The new office is close to New York City, the nation's media center, and to Washington, D.C., where American Atheists hopes to establish a political foothold. "We're changing our image," says John Obst, the group's Maryland state director. "The organization is more upbeat."

Last year on Good Friday, when much of the country solemnized the crucifixion of Jesus, Johnson unveiled the new version of American Atheists in Piscataway, N.J. At first, it seemed a lot like the old version, complete with O'Hair's sense of both persecution and privilege and her disdain for faith. Bumper stickers on the cars outside proclaim "Jesus Is Lard," and posters show a God-like figure sodomizing Uncle Sam. "Religion is really the culture of death," Ron Barrier, American Atheists' spokesman, tells about 75 attendees. "This week is a zombie festival predicated on death."

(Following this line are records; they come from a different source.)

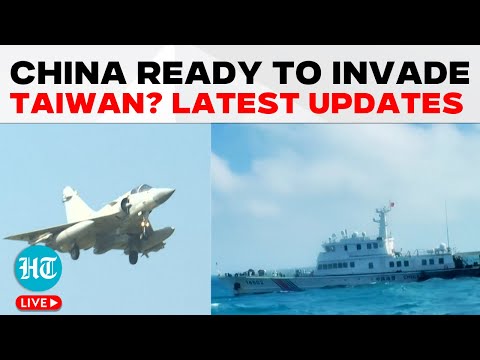 LIVE | China Military Gets Ready To Invade Taiwan? Surrounded From All Sides, Taipei's Big Alert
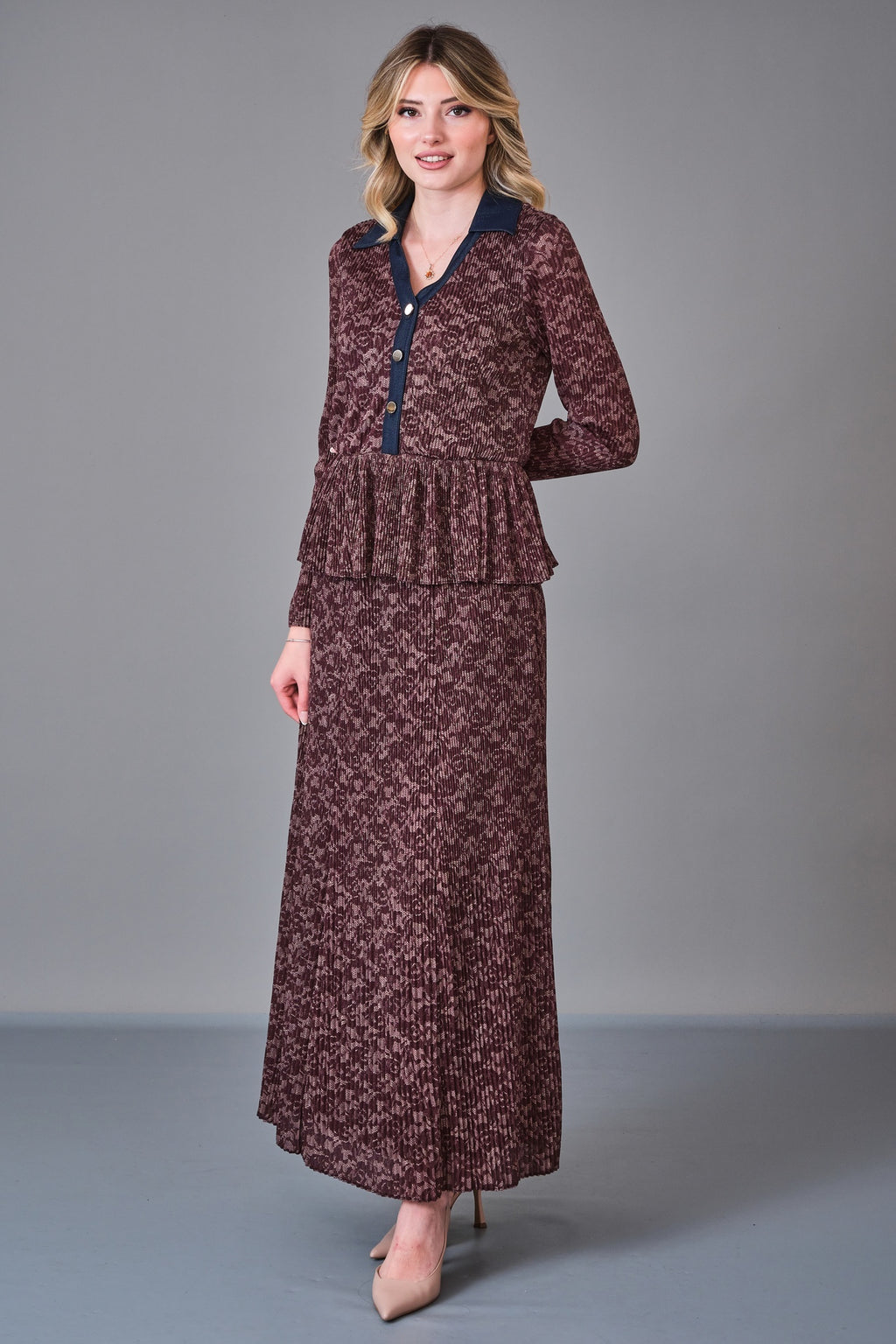 Myraang - Regular Size Suit (MRG27K05-3145) - 8690200212598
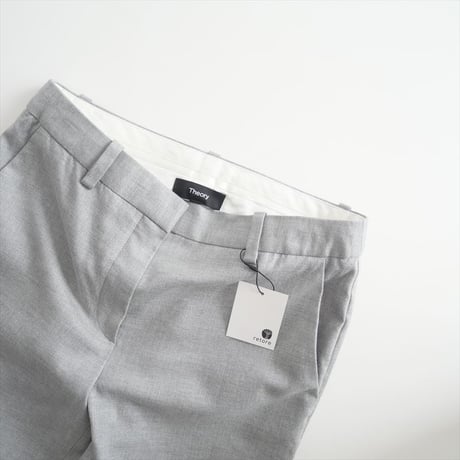 2023 / Theory / Stretch Canvas Treeca GZ パンツ / 3106408 / 2310-0146
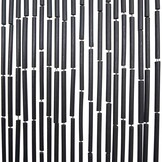 VidaXL Insectengordijn Bamboe 120x220 cm Donkergrijs - 55% Korting!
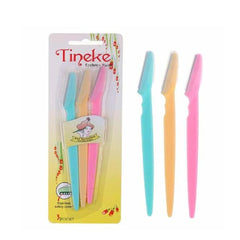 Tinkle Eyebrow Razor 3 Pcs Set – Facial Hair Remover & Dermaplaning Tool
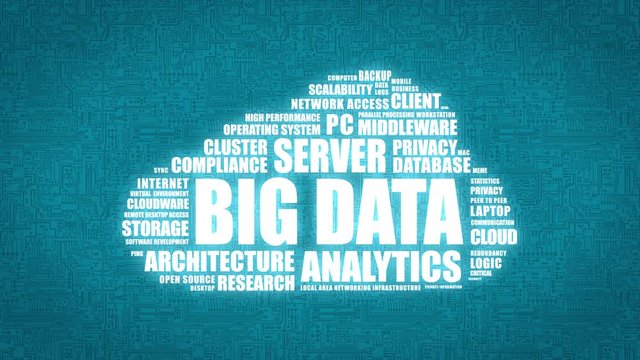 Big Data - cloud computing buzzwords and jargon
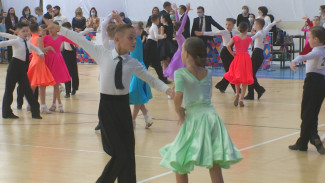В Астрахани прошли областные соревнования по танцам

Johnson's keynote address is largely a polemic against the prevailing religious culture. "From cradle to grave, religious superstition pervades our lives, and it is not by accident, my friends," she says. She ridicules the notion that students might want school prayer. "The very same students who go to schools with rings in their tongues and lips? Oh, puh-leeez!"

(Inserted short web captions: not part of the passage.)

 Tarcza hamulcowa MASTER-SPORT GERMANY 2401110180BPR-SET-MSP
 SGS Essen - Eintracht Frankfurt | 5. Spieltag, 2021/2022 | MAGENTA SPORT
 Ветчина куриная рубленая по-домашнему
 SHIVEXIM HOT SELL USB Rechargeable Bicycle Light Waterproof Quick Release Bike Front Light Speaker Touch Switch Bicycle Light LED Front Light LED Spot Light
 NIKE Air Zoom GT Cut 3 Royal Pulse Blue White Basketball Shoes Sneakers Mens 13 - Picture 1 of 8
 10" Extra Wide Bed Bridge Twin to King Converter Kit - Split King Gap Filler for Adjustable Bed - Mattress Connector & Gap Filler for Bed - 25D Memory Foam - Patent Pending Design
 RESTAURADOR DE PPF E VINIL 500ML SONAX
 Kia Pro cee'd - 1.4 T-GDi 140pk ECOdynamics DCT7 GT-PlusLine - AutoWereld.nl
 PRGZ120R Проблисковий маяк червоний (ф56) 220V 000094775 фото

Flashing the techniques and scorn of a Southern televangelist, Johnson runs down the standard litany of school-prayer abuses, reading testimonials from victimized atheists and, to the delight of the delegates scattered in half the available seats, making easy fun of religious belief.

But hints of a new tack are also discernible, from the baby-boomer-friendly theme Johnson chose for the gathering--"Supporting Our Atheist Youth and Families"--to her insistence on setting aside a room for day care.

The difference is style rather than substance. In place of O'Hair stands a polished 44-year-old housewife with the demeanor of a den mother. She banishes two protesters from PETA (People for the Ethical Treatment of Animals), not because their sign billing Jesus as a vegetarian might offend, but because they're tacky. One protestor is dressed like a cow.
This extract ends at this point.